Required work ▸
Write out the data word for word, taking care that no picture is carried over.

Source material ▸
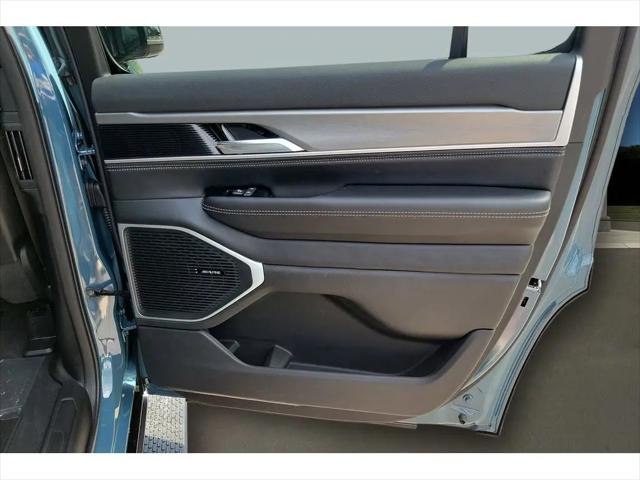 2026 Jeep Grand Wagoneer 4x2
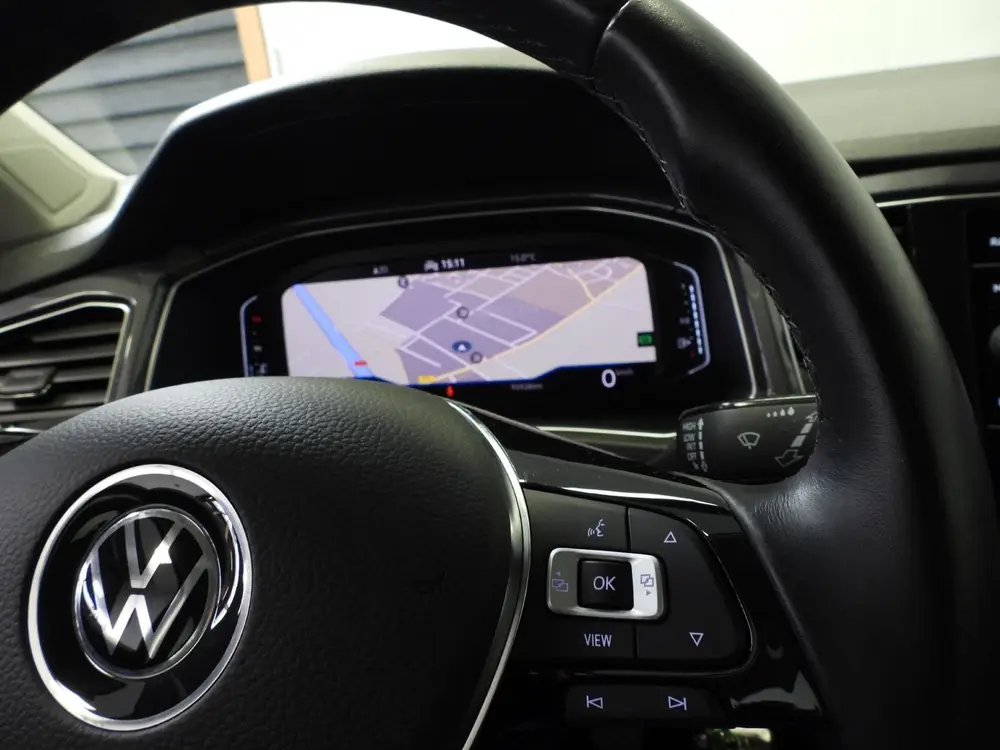 Volkswagen T-Roc 1.5 TSI Sport NAVI/CAMERA/VIRTUAL/LED/TREKH uit 2021, foto 17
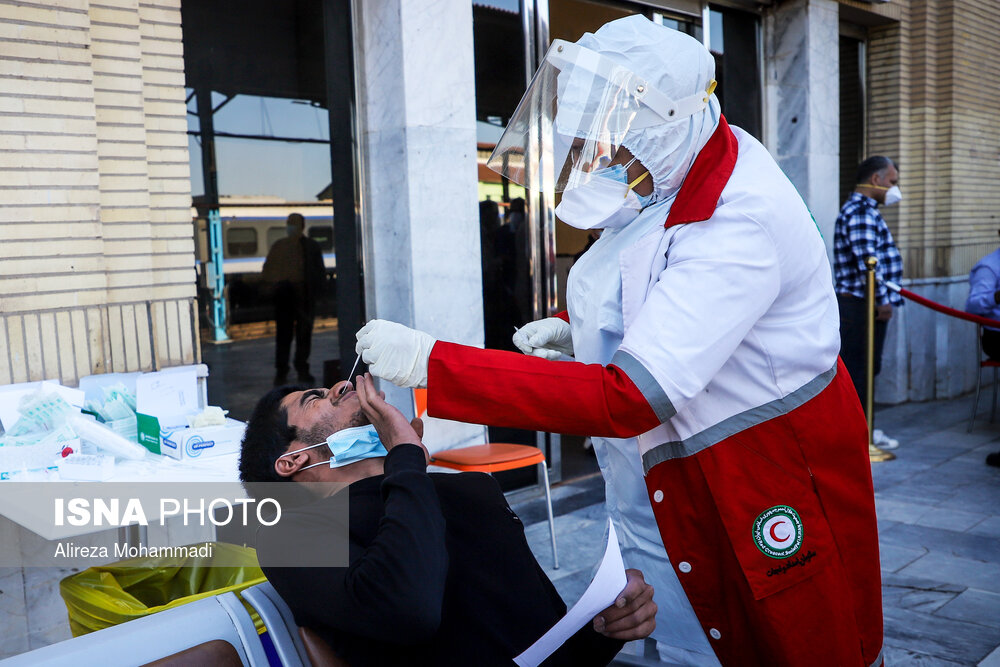  انجام تست سریع کرونا در راه‌آهن اهواز + عکس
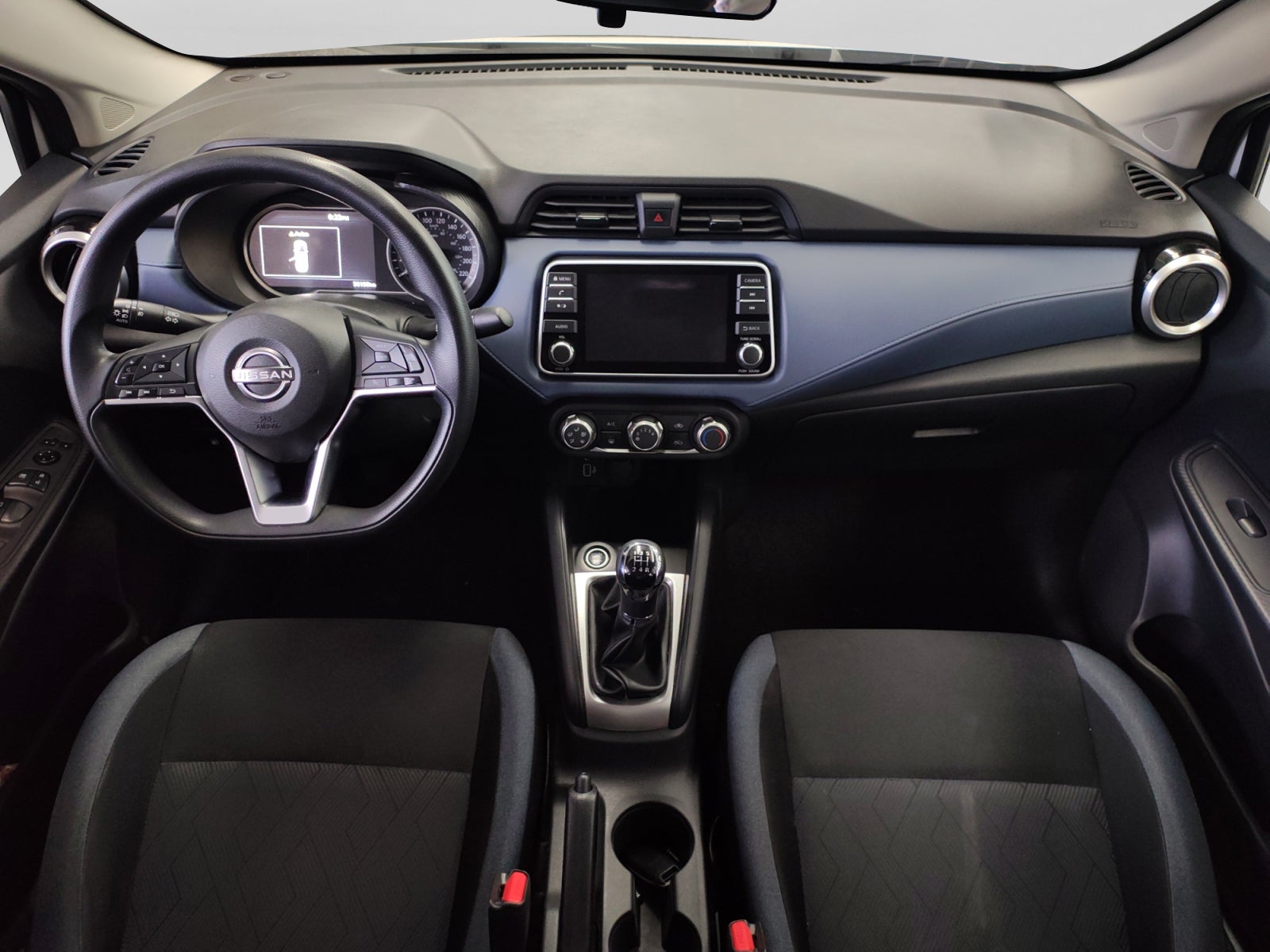 2023 Nissan VERSA ADVANCE MT 23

Task solution ▸
 2026 Jeep Grand Wagoneer 4x2
 Volkswagen T-Roc 1.5 TSI Sport NAVI/CAMERA/VIRTUAL/LED/TREKH uit 2021, foto 17
  انجام تست سریع کرونا در راه‌آهن اهواز + عکس
 2023 Nissan VERSA ADVANCE MT 23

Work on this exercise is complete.